In 2010, the company announced plans to invest $110 million to convert the former Alcatel-Lucent East campus in Lisle, Ill., into a new headquarters.

The 1.2 million-square-foot complex houses executive management, business operations and product development.

A second, nearby location in Melrose Park houses the company’s technology center. That renovation was estimated at $80 million.

The consolidation required more than money, however. Careful negotiations were needed to win Lisle’s approval.

The consolidation required permission from the village’s zoning board, and residents in the upscale Chicago suburb objected to the amount of noise a truck- and engine-testing center would create in the neighborhood, which includes a school for children with autism. They also objected to plans to store more than 150,000 gallons of fuel and other fluids in 15 aboveground tanks on the site.

The results were lawsuits, threatened lawsuits, subpoenas and depositions.

Navistar officials even feigned indifference for a time, saying they were stepping back to reassess options. Lisle officials approved the zoning request rather than lose the chance to land a significant employer.

Meanwhile in Indiana, Fort Wayne officials were fighting to keep Navistar. The company’s payroll generated an estimated $100 million for the local economy.

The Fort Wayne-Allen County Economic Development Alliance made wooing the company its top priority. The nonprofit organization doesn’t reveal details of failed bids.

Speaking at a downtown rally at Parkview Field, Mayor Tom Henry urged residents to bombard Navistar with emailed pleas to stay.
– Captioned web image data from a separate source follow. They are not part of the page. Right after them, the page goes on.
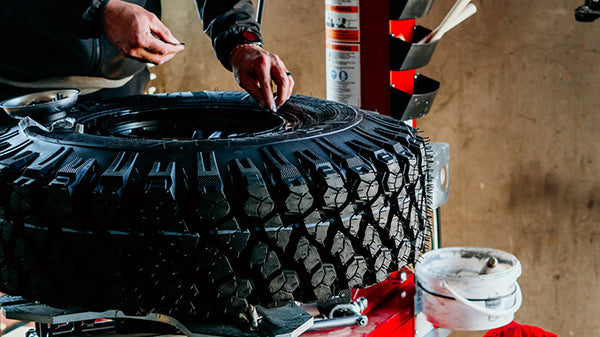 Person working on a large black Valor UTV tire with tools in a workshop setting.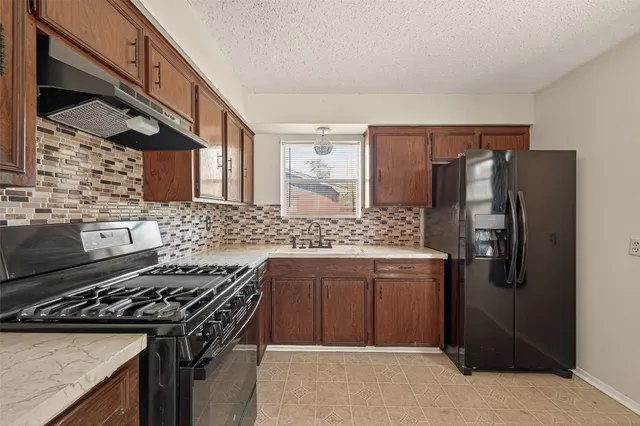 a kitchen with stainless steel appliances granite countertop a stove a refrigerator and a sink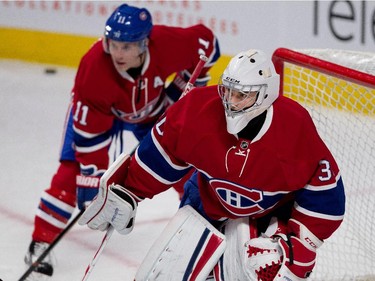 Montreal Canadiens goalie Zachary Fucale, right, watches as the team takes shots on him  during the pre-game warmup skate during NHL pre-season action against the Chicago Blackhawks in Montreal on Friday September 25, 2015. Montreal Canadiens right wing Brendan Gallagher looks on.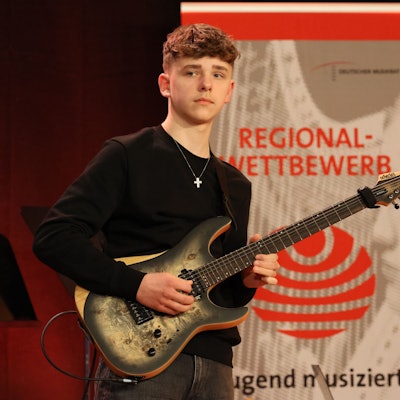 Lennart mit seiner Gitarre auf der Bühne des Regionalwettbewerbs.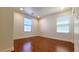 Bright bedroom with hardwood floors and natural light from two windows at 145 Forest Crossing Ct, Las Vegas, NV 89148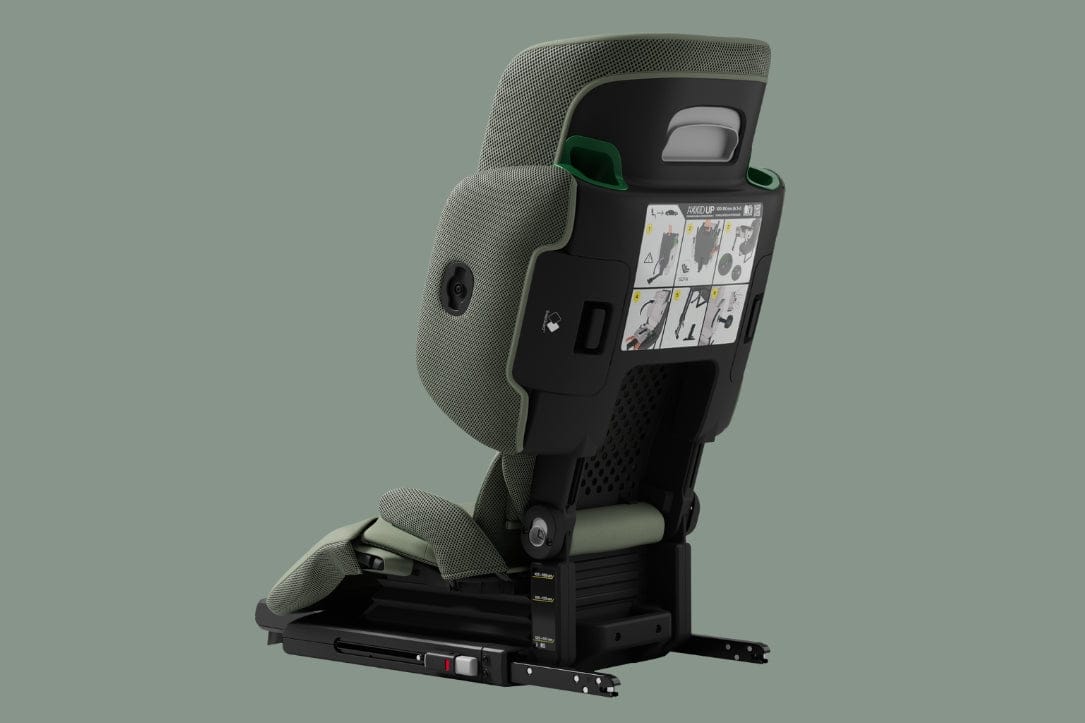 Gray and black child car seat with green accents, shown from rear with installation instructions visible on back panel.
He also hired a consulting firm, approving up to $95,000 in fees, to help Fort Wayne’s lobbying bid to keep the company.

The effort fizzled quickly, however, despite an independent 2009 report prepared by Ernst & Young that found it would cost Navistar $31 million less per year to do business in Fort Wayne than in Lisle.

Charging ahead

As of July 31, Navistar had recognized $34 million in restructuring charges related to winding down the Fort Wayne operation. The breakdown, according to an SEC filing:

•$13 million in personnel costs.

•$7 million in pension and other post-retirement benefits.

•$14 million in employee relocation costs.

“We anticipate additional engineering integration charges to range between $30 million and $40 million through 2013,” Navistar said in the filing.

The company is paying members of the United Auto Workers union $7,500 each to stay on the job until Navistar releases them.

Some UAW members will also qualify for early retirement, Goodrich said. The local engineer is the person who handles pension and insurance benefits for UAW Local 2911.

The union is paying members a $300 weekly supplement to unemployment insurance benefits for up to 78 weeks. The UAW also continues to pay for members’ health insurance coverage during that time.

“There is a very nice safety net to tide us over until the next job comes along,” Goodrich said.

Finding that next job could take awhile, especially for highly trained, highly paid engineers, she said. Goodrich plans to switch careers rather than fight for one of the elusive openings. She earned a master’s degree in sociology in May.

Goodrich doesn’t plan to apply for additional training, paid for by the federal Trade Adjustment Assistance program.

But many of her current and former co-workers are seeking TAA approval.

Goodrich has been meeting regularly with WorkOne staff, which administers the program, to track progress of Navistar workers’ training program requests after some were denied benefits. Union leaders met with state Department of Workforce Development officials to streamline the process.

“Since our meetings with the state, nothing that was submitted for TAA approval has been denied or indefinitely withdrawn,” she said in an email, adding that plans have been approved within a few days of arriving in Indianapolis, where decisions are made. “The plans do still take a considerable amount of research, but some of the busy work was eliminated.”

As of Oct. 15:

•11 training plans had been approved.

•One training plan was pending in Indianapolis.

•11 training plans were in development.

“Hundreds of former Navistar workers, which include contract and direct employees, may be eligible for TAA benefits,” Goodrich wrote. “The number of former employees taking advantage of these benefits is still very low.”